One of the hardest things about a match and preparing for it is the unpredictability of how things will go down. KB is playing this as he has a serious grudge against me because of what happened with X-Ellence back in the day, but still…never hurts to prepare for the unexpected, so I'll be on the lookout for any tells of his in the ring for when he comes at me with a weapon, be it his fist or a 2x4 or what have you.

I'm not sure what his real motivation is going to be coming into this match, either. Is it really that he wants revenge, or does he want something more? Does he really want this title, or did it just so happen that he wanted to face me and I needed to defend it at the pay-per-view? Eh, so many unanswered questions going into this thing... I'm not exactly used to that, but I suppose I'll have to make due with what I have. No matter, though, my fate in this new run with the CZW is already sealed, and I know exactly the direction I'm headed in. I don't expect to lose tonight, that's not my chief concern, what is is how I'll make it out of there with my bones still in-tact.

Way I figure it is, so long as I've breath in me to spare, KB won't be able to keep me down for the three seconds he'll have to have to win. I just have to stay focused and work with my environment, do what I can to use his momentum and his anger against him.

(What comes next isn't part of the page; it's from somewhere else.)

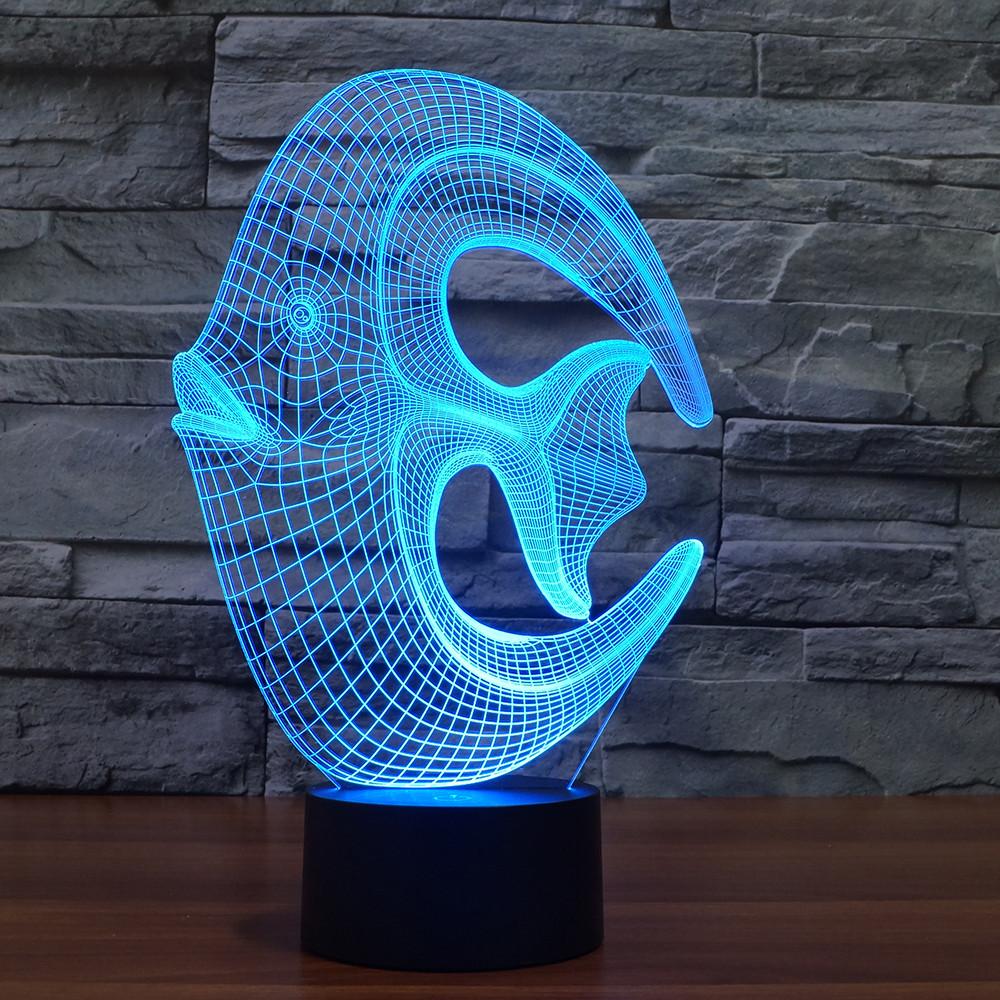 3D Illusion Night Light  LED Light 7 Color with Touch Switch USB Cable Nice Gift Home Office Decorations，Fish-2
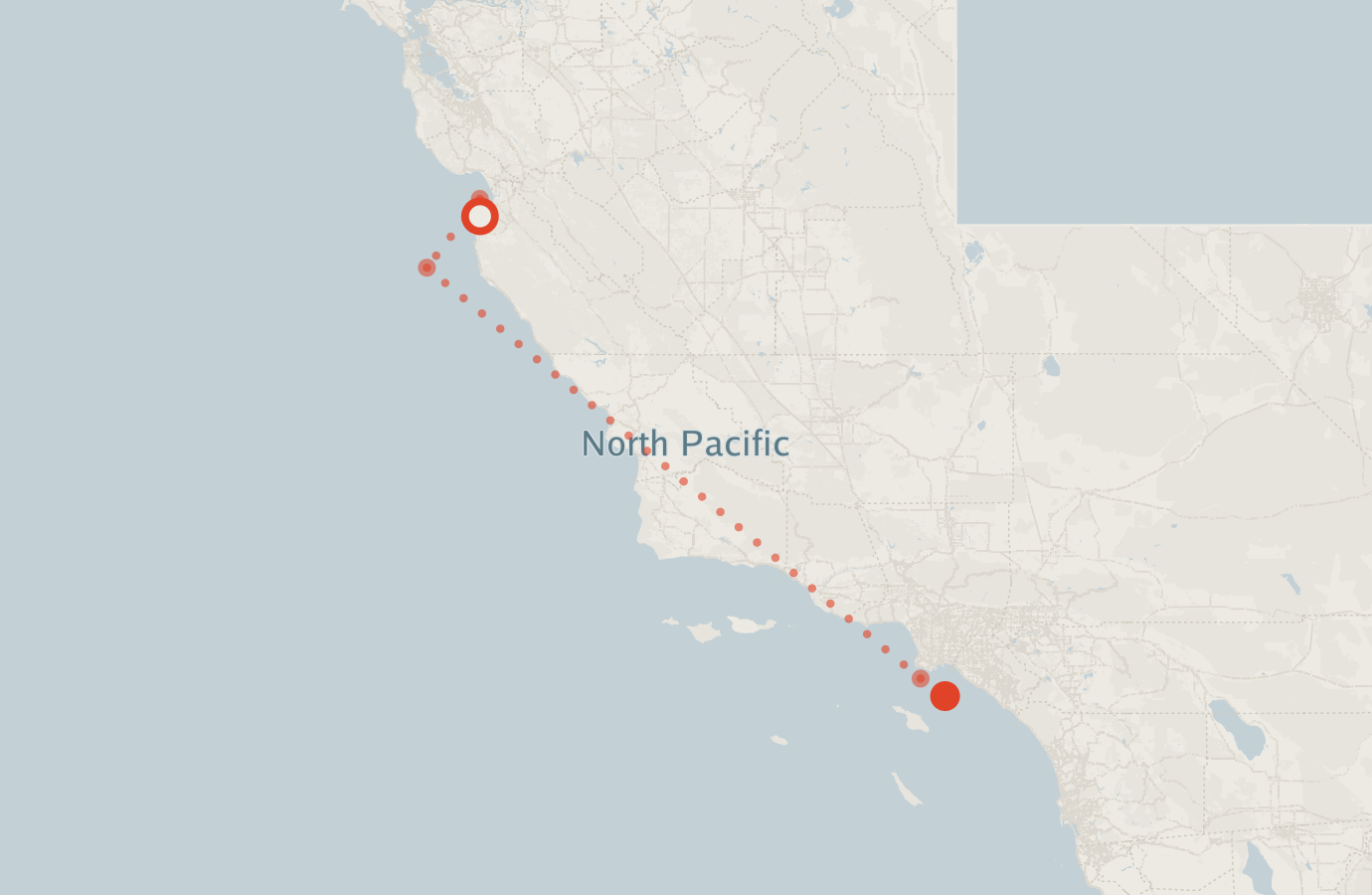 Activity map — real sighting points on an OpenStreetMap basemap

Such a shame though, really... it's just going to be me and KB tonight for the title. I'd thought that even though that KB has the shot, that someone else would have stepped up and wanted a piece of me. I guess everyone else was too busy or something...or they just didn't want to bother with the IC title. Doesn't matter too much to me though, to be honest... if anyone DID ignore me and this title just because they perceive the thing to be a "lower tier title" then they won't know what hit them by the time I work my way back up to where they've perched themselves. Fact is, I could actually do that at any moment, I'm just biding my time.

After all, why do I need to rush? The World Title scene isn't anything new to me, I don't need to be there right now... what I need to be doing is trying to spark some life back into this division…which has been lacking because everyone has their eyes on the highest prize. Fact is if we don't have activity going on in these other areas, the "highest prize" will turn into the only prize. I just wish more people would actually be able to realize that.

Anyway, enough writing... gotta get to reviewing the tapes. Should be a hell of a night.

Oh, and if KB happens to somehow read this thing (God knows why he would, fucker better not be stalking me... you reading this, KB?! I hope you're not, but if you are, cut it out!), then I guess all I've really got to say is the same thing that's been said before, and the same thing that always seems ever so relevant to the outcome of these matches: KB? Not even the Messiah can save you now.

See you Monday, kid.

Provided you read this anyway.

Otherwise that was a bit pointless.

... erm, yeah.



Hm? You're still here? Hey, you read the man, there's not much left to say. If you'll excuse me, my little boy's crying and probably needs to be fed again, so I'll be off to do that now.

Oh, and KB, Ronnie and I were planning a special day tomorrow so I swear to God if you injure him in your match, I will end you.

Enjoy the match! Try not to kill yourselves out there, but do your best! I mean, obviously Ronnie will, but... gah! What am I doing?! My son's crying, I gotta get in there!

Good luck and all that jazz! Remember KB, any injuries and I'll find out where you live! Toodles!